Theoretical Studies of the Binding Energy and Geometry of the H5+ Molecular Ion

Abstract

The geometry and binding energy of the ${\mathrm{H}}_5^{+}$ molecular ion have been examined by two different ab initio quantum mechanical variational methods. In the first a CI wavefunction was made from the 10 covalent valence‐bond structures which could be constructed from 1s orbitals at the nuclei, each 1s orbital being represented by a five‐term Gaussian expansion and having a variable scale factor. For geometries identical or similar to the D_2d geometry previously predicted from analogous calculations with cruder basis sets, we found no stability with respect to ${\mathrm{H}}_3^{+}+{\mathrm{H}}_2$ . Other geometries were examined, especially those arising naturally from the approach of ${\mathrm{H}}_3^{+}$ and H₂; however, binding was never greater than a tiny 0.6 kcal/mole.
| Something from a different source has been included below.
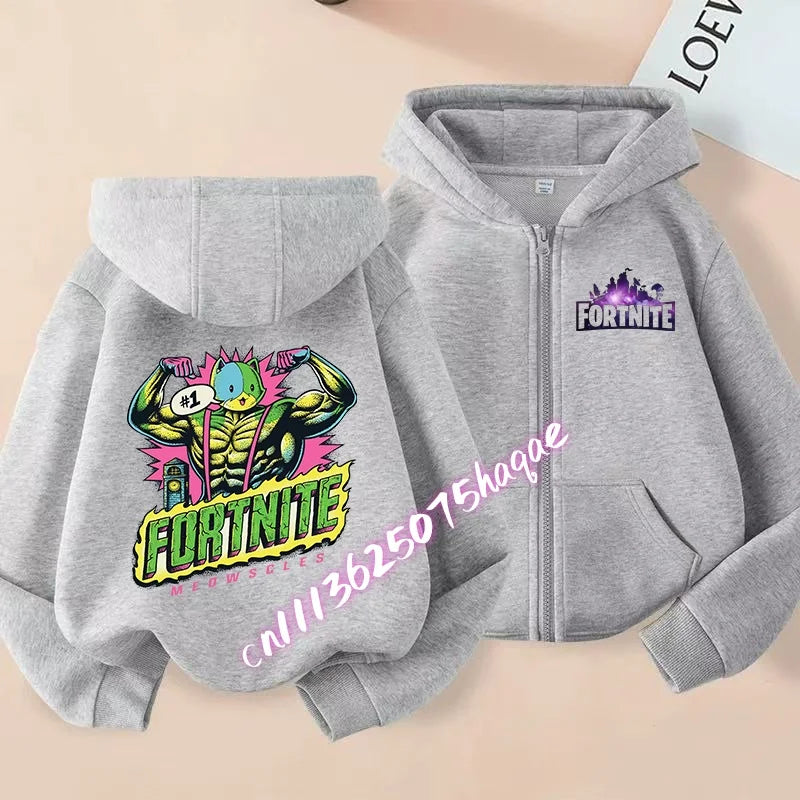 Nuova felpa con cappuccio autunnale per bambini Fortnite, giacca con zip e stampa personaggio cartoon del gioco, cappotto invernale per ragazzi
We thus concluded that the method had failed adequately to describe ${\mathrm{H}}_5^{+}$ , as it had for ${\mathrm{H}}_3^{+}$ , and that it is probably unreliable for studying ions with small binding energies. The second method used the SCF MO model with a flexible basis set to account for distortion and polarization. This gave an ${\mathrm{H}}_5^{+}$ geometry corresponding to an ${\mathrm{H}}_3^{+}\mathrm{...}{\mathrm{H}}_2$ complex of over‐all C_2v symmetry, in which the H₂ sits about 3 a.u. from the ${\mathrm{H}}_3^{+}$ apex and perpendicular to the ${\mathrm{H}}_3^{+}$ plane and to a line extending from the midpoint of the base of the ${\mathrm{H}}_3^{+}$ , through the ${\mathrm{H}}_3^{+}$ apex, and through the H₂ midpoint. The calculated binding energy relative to ${\mathrm{H}}_3^{+}+{\mathrm{H}}_2$ is 4.25 kcal/mole. Because formation of such a loose molecular complex from two closed‐shell systems should produce very little extra correlation energy in the complex, and because of basis set reasons discussed in the text, these results are believed to be reliable.